QBoard » Big Data » Big Data - Spark » Why Import pandas in PySpark?

Why Import pandas in PySpark?

  • Hi In the University in the data science area we learned that if we wanted to work with small data we should use pandas and if we work with Big Data we schould use spark, in the case of Python programmers PySpark.

    Recently I saw in a Hackaton in the cloud (azure Synapse, that work inside in Spark) importing pandas in the notebook ( I suppose the code is good cause was made from Microsoft people)

    import pandas 
    from azureml.core import Dataset
    training_pd = training_data.toPandas().to_csv('training_pd.csv', index=False)

     

    Why do they do that ?

     
      December 15, 2021 12:45 PM IST
    0
  • Bassically seems that the person who make that work feel more conformatable in Pandas.

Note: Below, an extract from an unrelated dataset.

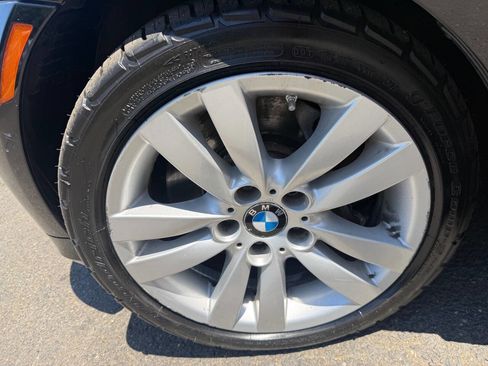 Used 2011 BMW 335i xDrive Sedan AWD/4WD image 22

Of course Pandas doesn’t scale and If your data set grows, you need more RAM and probably a faster CPU (faster in terms of single core performance). While this may be limiting for some scenarios seems that in the example the csv would be not big enought to use spark. I can not see any other reason.

     
      December 22, 2021 1:30 PM IST
    0
  • Pandas dataframes does not support parallelization. On the other hand, with Pandas, you need no cluster, you have more libraries and easy-to-extend examples. And let's be real, its performance is better for every task that doesn't require scaling.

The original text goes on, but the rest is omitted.